Primary school pupils are better readers than five years ago
But research also suggests that children are enjoying reading less than they did five years ago when the "literacy strategy" was introduced.
The findings are from the National Foundation for Educational Research (NFER) which has examined attitudes to reading among primary pupils.
Boys in particular have shown a decline in interest in reading for pleasure.
The survey looked at how nine and 11 year olds felt about reading - and compared this to similar questions asked at the outset of the literacy strategy in 1998.
In response to concerns about declining standards of literacy among pupils, the government made an improvement in reading and writing a centrepiece of its efforts in primary schools.
This has now been running for five years - and the NFER's research suggests there has been a "significant improvement" in children's confidence and independence as readers.
It observes that primary pupils in England now have reading skills which compare well with pupils in other developed countries.
But there have been complaints from teachers who have claimed that the focus on literacy has been at the expense of creativity and more imaginative learning.
And the research says that there has been a decline in the number of children enjoying reading - with boys showing the sharpest drop in interest.
Fewer children read at home to an adult than five years ago, there are fewer trips to the library and more watching of television.
Although putting the "decline" in interest into context, the research says there is still a substantial majority of pupils who like to read stories.

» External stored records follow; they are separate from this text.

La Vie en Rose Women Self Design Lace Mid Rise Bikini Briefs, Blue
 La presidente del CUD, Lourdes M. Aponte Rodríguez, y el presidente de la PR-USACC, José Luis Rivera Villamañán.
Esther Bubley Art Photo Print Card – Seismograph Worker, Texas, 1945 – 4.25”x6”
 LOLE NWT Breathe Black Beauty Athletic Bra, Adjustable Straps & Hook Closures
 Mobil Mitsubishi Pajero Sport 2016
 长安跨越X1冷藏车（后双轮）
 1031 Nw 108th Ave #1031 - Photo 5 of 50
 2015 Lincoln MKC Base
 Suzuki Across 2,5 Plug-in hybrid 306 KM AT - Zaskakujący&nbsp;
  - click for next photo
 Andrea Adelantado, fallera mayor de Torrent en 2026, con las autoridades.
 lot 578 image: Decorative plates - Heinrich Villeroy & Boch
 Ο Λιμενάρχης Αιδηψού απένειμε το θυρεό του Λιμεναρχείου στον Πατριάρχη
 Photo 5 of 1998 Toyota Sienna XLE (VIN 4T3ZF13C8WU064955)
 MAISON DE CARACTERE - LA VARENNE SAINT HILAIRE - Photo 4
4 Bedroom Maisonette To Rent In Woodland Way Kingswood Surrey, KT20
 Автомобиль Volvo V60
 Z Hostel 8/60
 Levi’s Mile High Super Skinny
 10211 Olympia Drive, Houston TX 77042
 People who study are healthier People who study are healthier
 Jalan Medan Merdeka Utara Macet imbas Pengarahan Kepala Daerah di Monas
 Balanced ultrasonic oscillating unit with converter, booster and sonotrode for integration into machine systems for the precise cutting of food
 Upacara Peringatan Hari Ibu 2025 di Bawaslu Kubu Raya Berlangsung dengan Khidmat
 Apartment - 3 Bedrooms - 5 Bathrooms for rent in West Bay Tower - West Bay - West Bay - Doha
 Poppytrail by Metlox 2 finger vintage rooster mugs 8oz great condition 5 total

The NFER's principal researcher, Marian Sainsbury, says that the survey gives a chance to look at the changes in pupils' attitudes since the introduction of the literacy strategy.
And although it was not possible to make direct connections, there had been a contrasting picture of increased ability and reduced enthusiasm.
"We know from national results and international studies that primary school children in England are good at reading, and their increased levels of confidence and independence are probably a direct reflection of this," said Dr Sainsbury.
"On the other hand, enjoyment levels have declined. We have no direct evidence from this survey of the reasons for the change, and they may relate to broader shifts in children's interests over the last five years.
"But it is possible that this is also related to the drive to improve standards. Children are learning skills, reading material that has usually been chosen by the teacher rather than the children themselves.
"There may have been less emphasis on the sheer pleasure to be gained from books. Current guidance to teachers places great stress on fostering this enthusiasm and enjoyment and we are planning to repeat this survey every two years from now on, to track any changes in the future."